Ultimately, however, I came to believe the replacement of my first teacher was probably the right decision.

Controlled by the Indian government, The Central Board Of Secondary Education, or CBSE, prescribes the curriculum that the majority of Indian schools follow. In this system, all high school graduates take nationally regulated Board exams in their sophomore and senior years of high school. The latter is one of the biggest factors in college admissions, to the extent that other school grades are rarely even considered. Most Indian students — and parents — would agree that these Board exams practically determine students’ futures.

The end result of such a system where only the final exams matter is that often, the best schools end up being the ones that can best prepare you for the exams — and that doesn’t necessarily align with getting the best education or the best understanding of the subjects themselves.

This discrepancy was perhaps most obvious in the humanities classes I took in my sophomore year: the history syllabus had recently been revised to include post-World War Two history but was promised not to be included in the exams for an introductory period of a few years. Naturally, our classes never even covered the new topics. Why bother if it’s not going to be on the exam?

But perhaps the most profound impact this system has is in the nature of the typical class itself. Owing to a cultural focus on academics and over-competitive college admissions, the CBSE syllabus is vast. The STEM subjects, in particular, go well into topics usually covered in the second year of college. As such, since schools are only incentivized to optimize their students’ ability to do well in the Board exams, they need to cover everything in the curriculum as well as prepare students for the exams specifically, resulting in classes consisting of one-sided lectures that seldom leave room for discussion or engagement. Most schools even complete teaching everything two to four months prior to the exam, and reserve that final period for continuous, rigorous testing and preparation, complete with data-driven educated guesses of what questions will be on the final exams. Naturally, there simply isn’t enough time for discussion.

In fact, students who try to spur prolonged debates or ask too many off-topic questions are considered disrespectful troublemakers. They are, after all, wasting the teachers’ precious time as the Board exams only loom scarily closer. Naturally, what also arises from this system is an immense cultural respect for the teacher, as they are the trusted, true mentors of students’ futures — and conversely, a teacher that students think cannot finish teaching everything by the time the Board exams come around is considered ineffective at best and gambling with students’ futures at worst.

And so, as long as such a system is in place, as much as I missed my former chemistry class discussions, I can understand and sympathize with why that teacher was replaced.

International students, particularly Asian students, are often labeled as quiet and shy, but often it’s simply that having classes focused on discussion (or god forbid — ones with participation grades!) is a change that’s hard to get used to, compared to the mundane, note-taking, focused lectures that we have had for so long.

In my time at DKU, I have noticed similar labels often being placed on Chinese students, and while I of course cannot speak to the wide range of Chinese-specific experiences, I am sure that the classroom experience produced by a system focused on a single exam, the Gaokao, is not far removed from what I have gone through.
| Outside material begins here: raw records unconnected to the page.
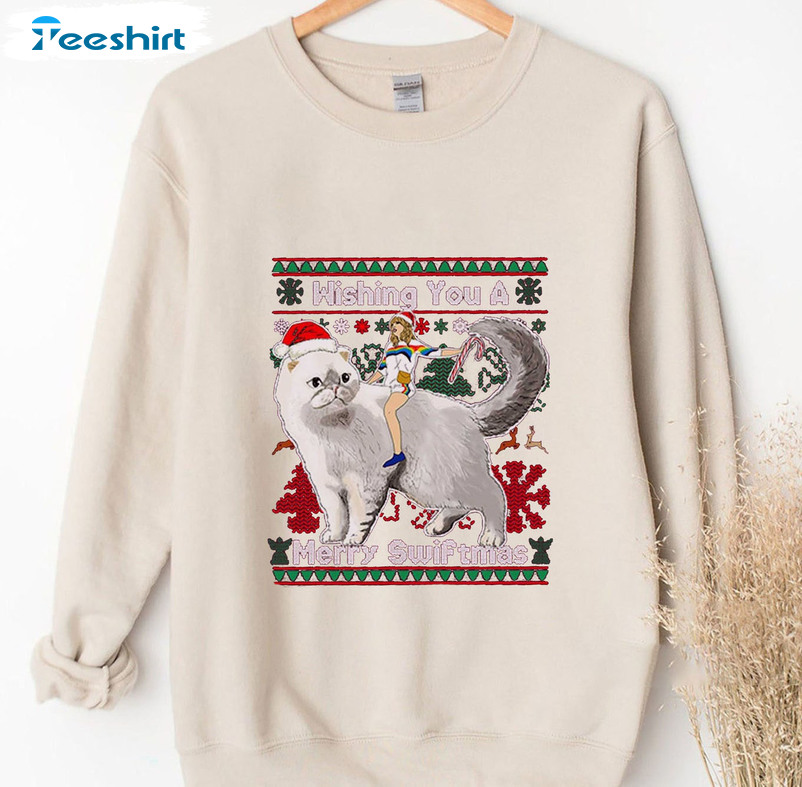 Wishing You Have A Merry Swiftmas Shirt Christmas Sweater Short Sleeve 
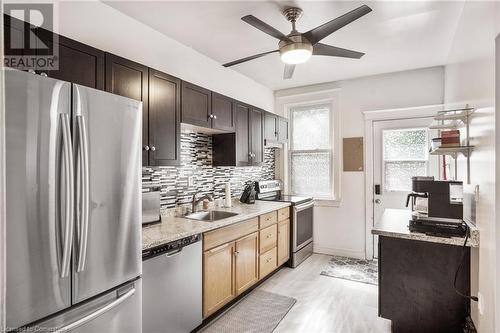 54 Spadina Avenue, Hamilton, ON - Indoor Photo Showing Kitchen With Upgraded Kitchen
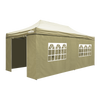 Dellonda Premium 3x6m Pop-Up Gazebo & Side Walls, PVC Coated, Water-Resistant Fabric with Carry Bag, Rope, Stakes & Weight Bags - Beige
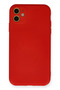 Ilkeshop New iPhone 11 Case Nano Velvet Silicone (140722) - Red
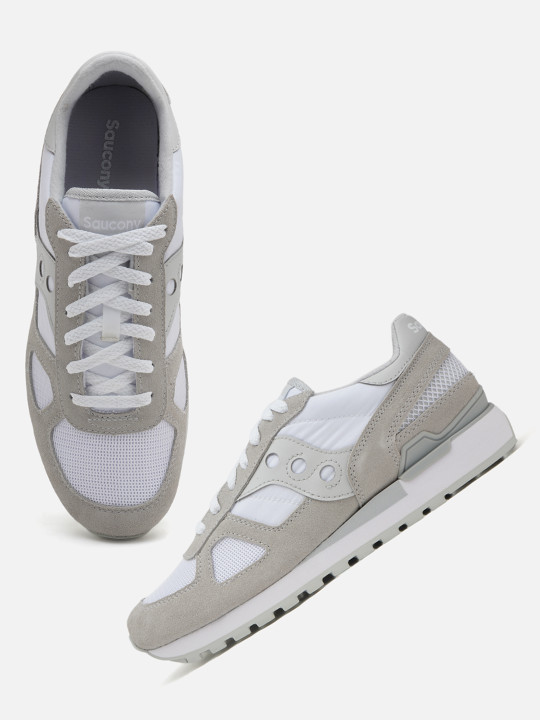 saucony Men Shadow Original Colourblocked Suede Sneakers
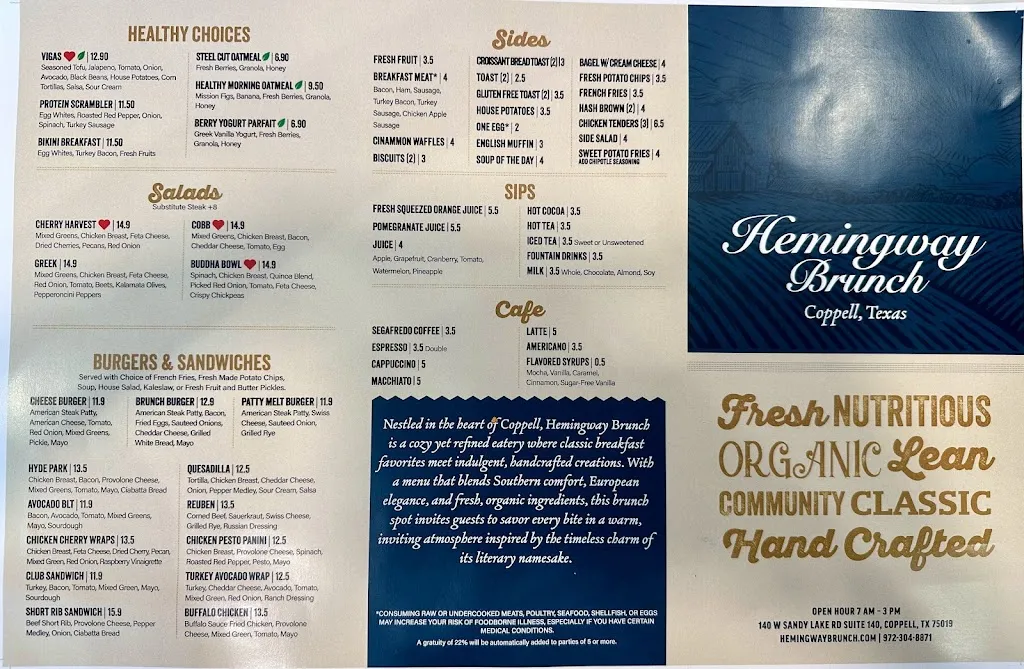 Menu_Hemingway Brunch_Coppell, TX_image_old_3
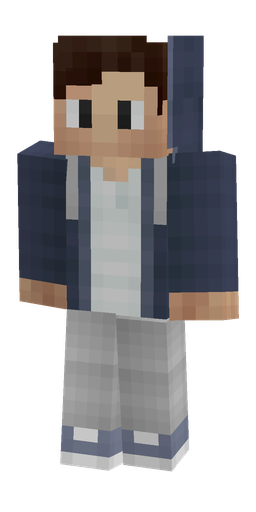Blue skin: body, front render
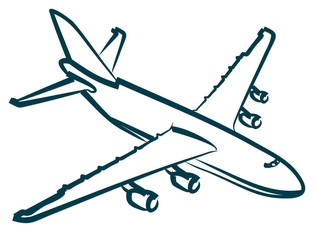 Sketch of passenger liner. 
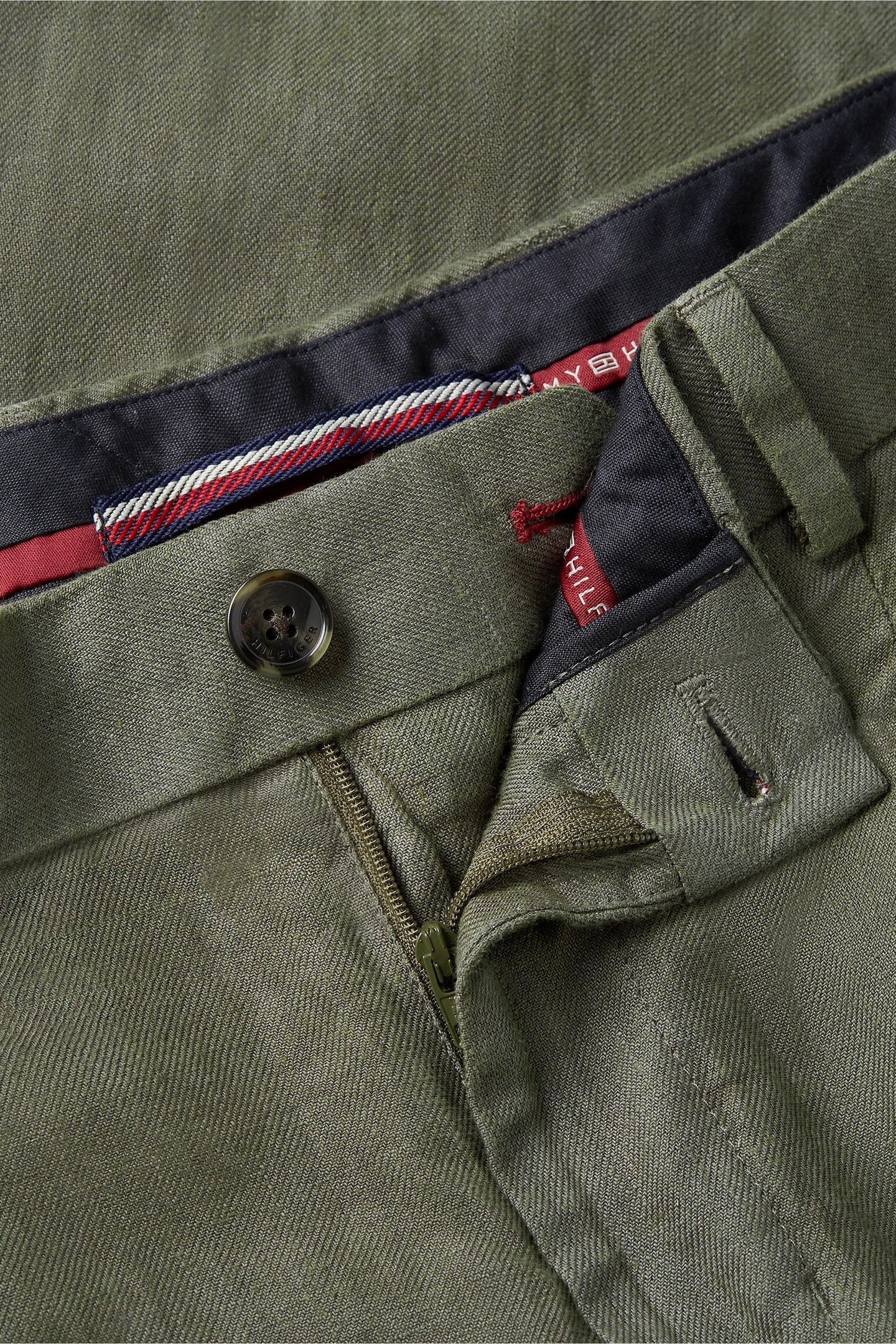 DC GMD LINEN PANTS PLATINUM OLIVE 4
And so, the negative stigma of shyness is more often than not a false one: It’s simply that the new classroom dynamic so many of us face for the first time in university is one that’s hard to get used to after years of being accustomed to little class participation. Even personally, despite being extroverted enough to get used to more active participation relatively easily, it has sometimes been unnerving to raise my hand and start a dialogue in a class.

The sooner the origin of our supposed shyness can be truly understood by our college peers and faculty, the sooner we can realize the truth behind the stereotypes — and such an understanding can also help colleges and our fellow college peers better ease the transition to the new classroom dynamic for incoming students.

Aryan Poonacha is a sophomore in the second-ever graduating class of the Duke Kunshan campus’s undergraduate program, located outside Shanghai, China.